Build a safety incident reviewer
An agent that watches an incident feed and flags the patterns that tend to precede a disaster.
Who deploys this
The failure it’s built to catch
The Lion Air preliminary report in October 2018 named 'uncommanded nose-down trim inputs.' The Ethiopian preliminary report five months later named the same pattern. The FAA grounded the 737 MAX two days after the second crash. An agent reading the NTSB feed in October 2018 and flagging the MCAS pattern would have been on the right side of 346 deaths.
Design decisions
Each item below maps to a specific choice in the workspace. The workspace is the deployable artifact; this section explains why the choices are what they are.
Preliminary reports, not finalised ADs
An airworthiness directive is the failure that already happened. A preliminary incident report is the failure being characterised. The agent reads preliminaries because that's where the pattern shows up first. Flagging the Lion Air narrative in October 2018 sits upstream of the AD the FAA finally issued in March 2019.

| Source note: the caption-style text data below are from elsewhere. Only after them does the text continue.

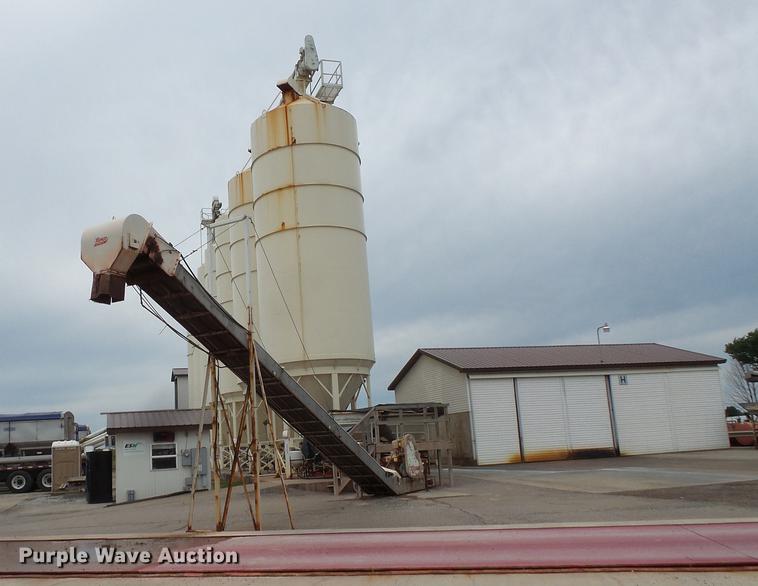 image for item DC1230 Ranco 10 Milti-blender dry bulk fertilizer mixer, stationary plant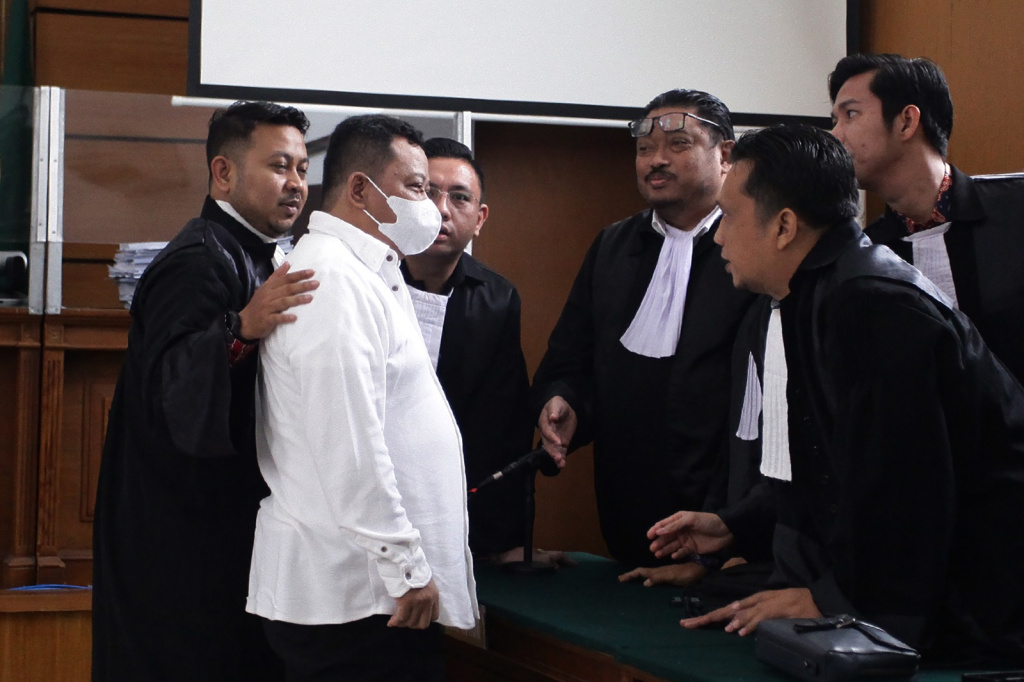 Terdakwa Kuat Ma'ruf berbincang dengan kuasa hukum saat akan menjalani sidang pembacaan vonis kasus pembunuhan berencana terhadap Brigadir Nopriansyah Yosua Hutabarat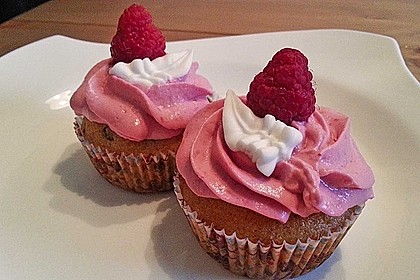 Schoko-küsst-Himbeer Cupcakes 27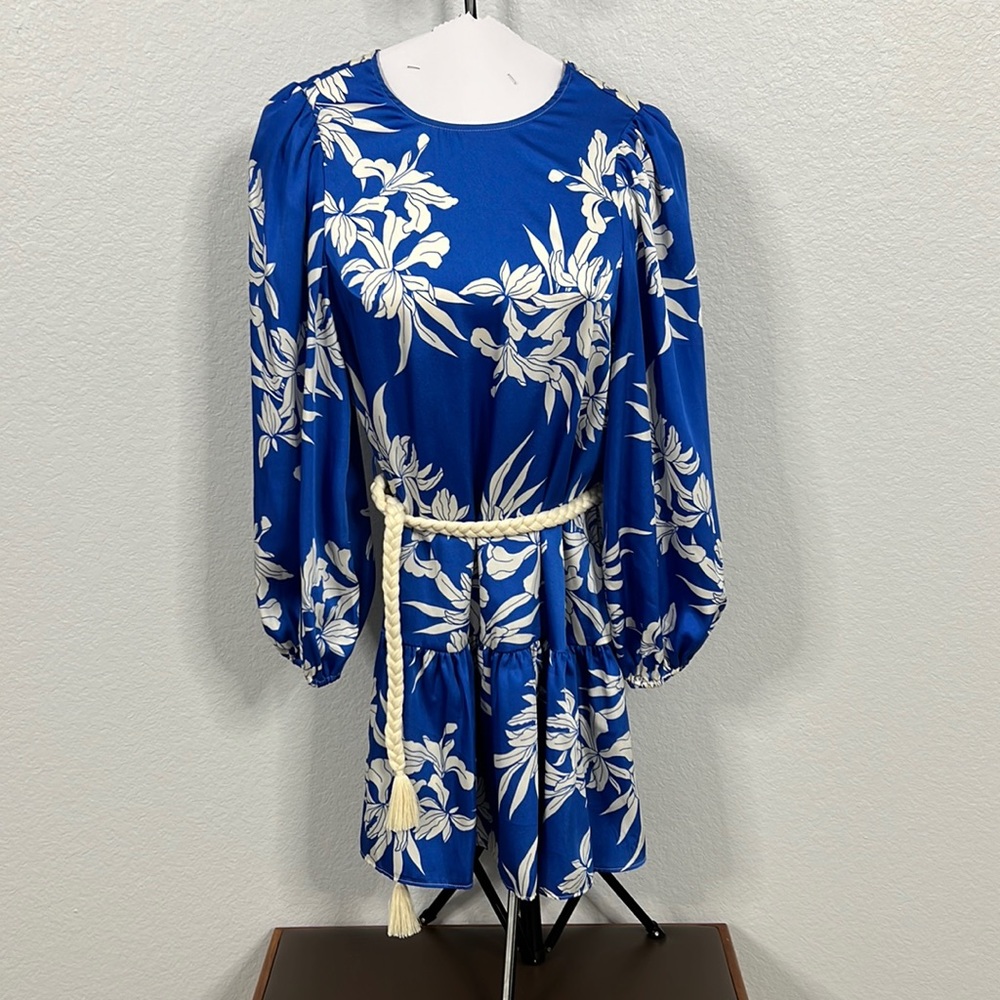 Alexis XS Mini Dress Running In Circles Dress in Blossom Dandy
Yumi Kim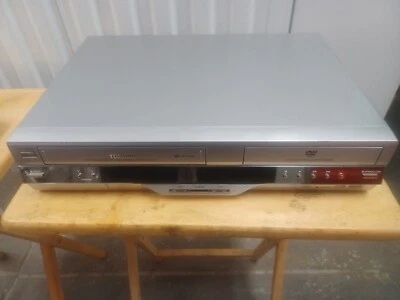 Gravador de DVD, gravador VHS player Toshiba DVR4 - Imagem 1 de 4
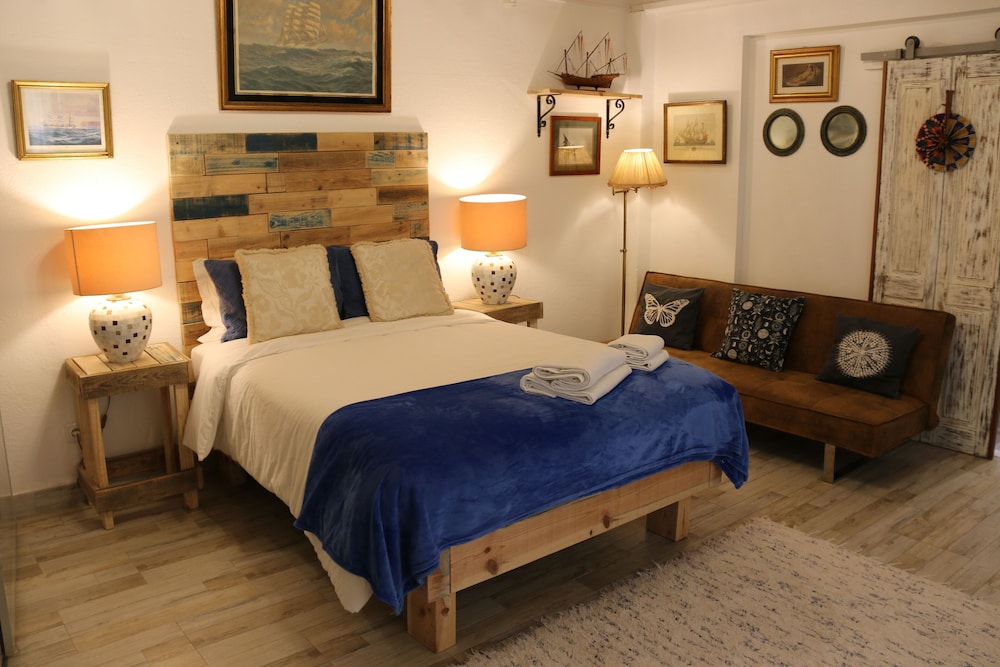 Superior Suite, 1 Double Bed, Annex Building photo 1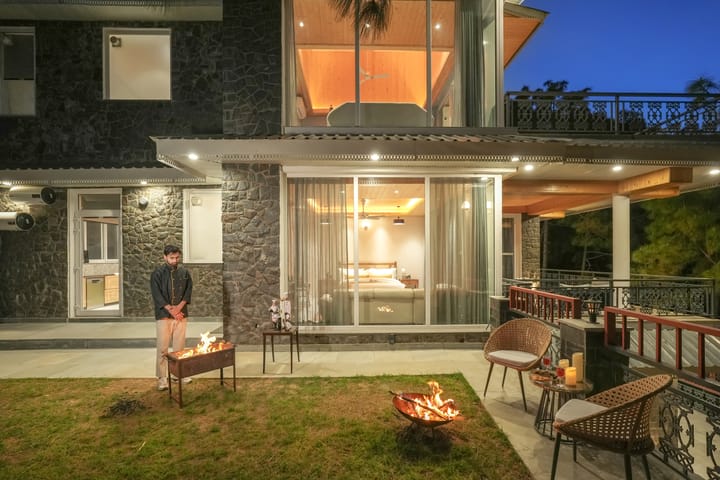 Kavya Villa | 4-BHK Pet-friendly Villa With Lounge, Game Zone, Sit-Out Areas & Panoramic Views in Kasauli Hills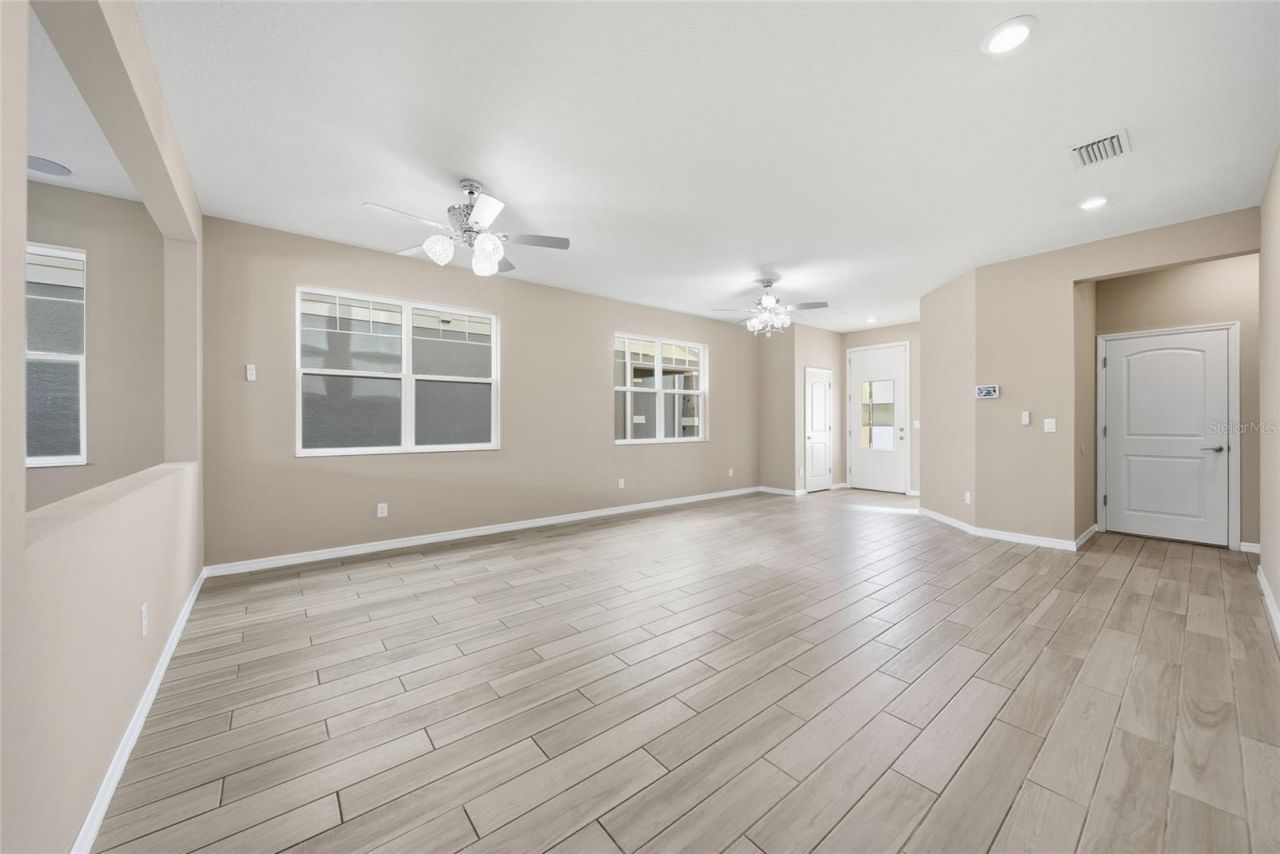 8147 Artisan Circle, Seminole, FL 33777 Photo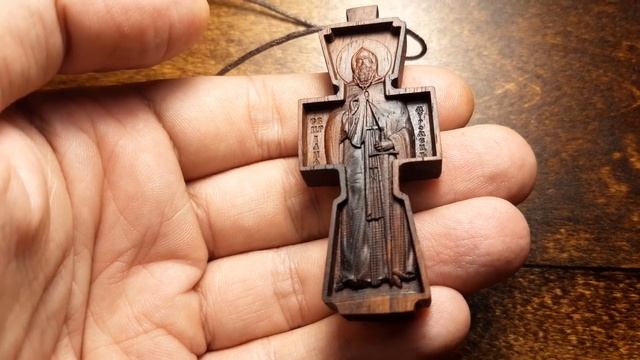 Нательный крестик из палисандра смотреть онлайн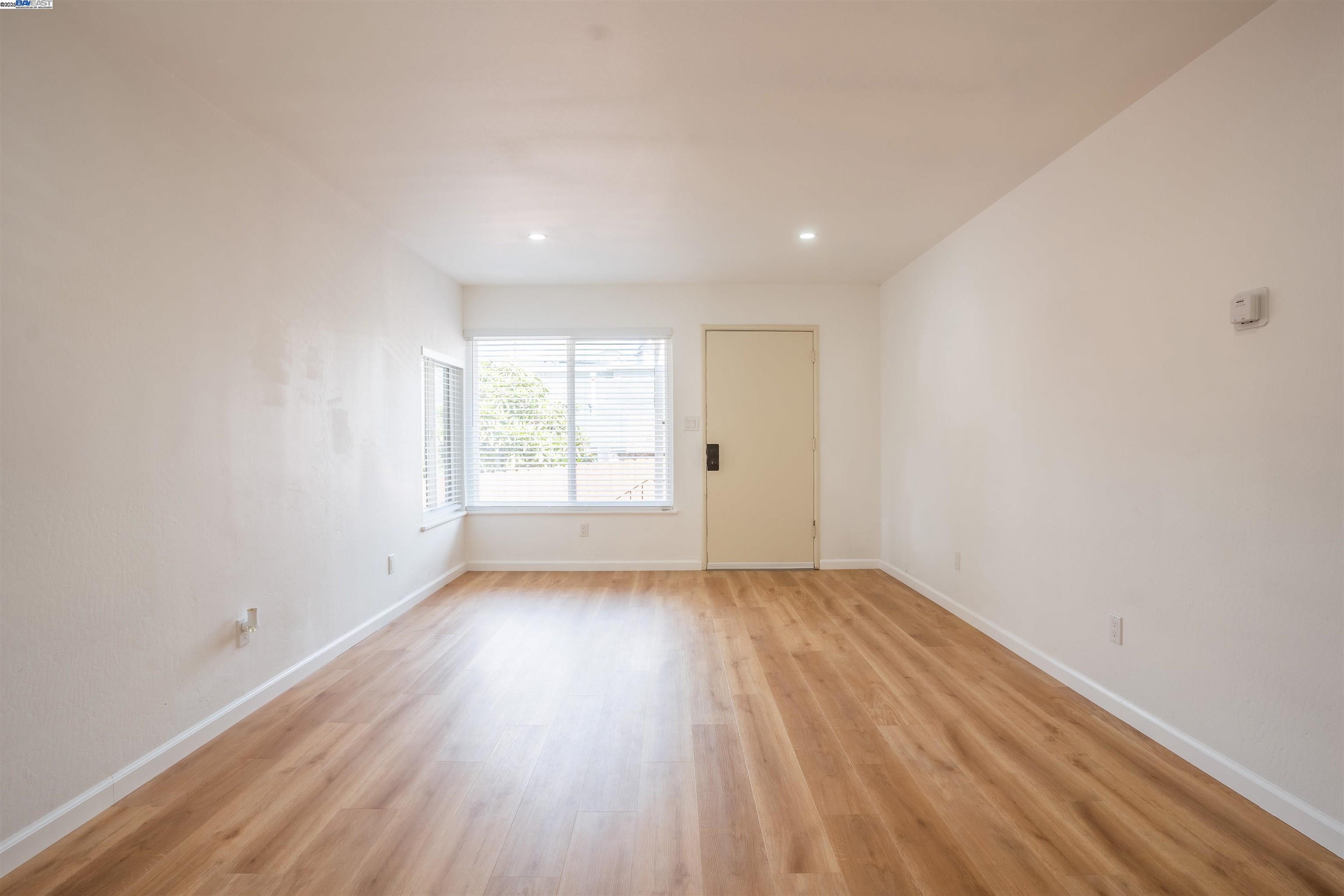 Detail Gallery Image 24 of 49 For 3086 Capp St, Oakland,  CA 94602 - – Beds | – Baths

Five triggers, not three, not seven
Each trigger covers a different shape of failure: automation override (MCAS), fuel or battery anomaly (787), incident cluster (the canary for systemic issues), FCOM contradiction (manual is wrong or system is wrong), and engine-out without service bulletin (LEAP fan blades). Three would miss real shapes; seven would dilute focus.
Bias toward FLAG when the narrative is ambiguous
CLEAR is the routine call. Most reports are crew technique or weather. FLAG is the rare verdict where the cost of being wrong is a hull loss. The reviewer is meant to be the second pair of eyes; the OEM has every commercial reason to call the report 'crew issue.' When trigger words appear and the framing is ambiguous, the reviewer flags.
The cautionary tale lives in the skill body
The skill walks the Lion Air report and the FAA's response day by day. When the skill activates, the model has the precedent in working memory and applies the trigger table with the right priors. The history is what teaches the agent what to look for; the table is just the index.
The four-file workspace
This is what the runtime compiles. Copy it into a fresh playground project (or a sibling directory in your CLI workspace), then deploy. Each tab is one file. The agent.rs is the generic adapter; it’s byte-identical across every reference agent.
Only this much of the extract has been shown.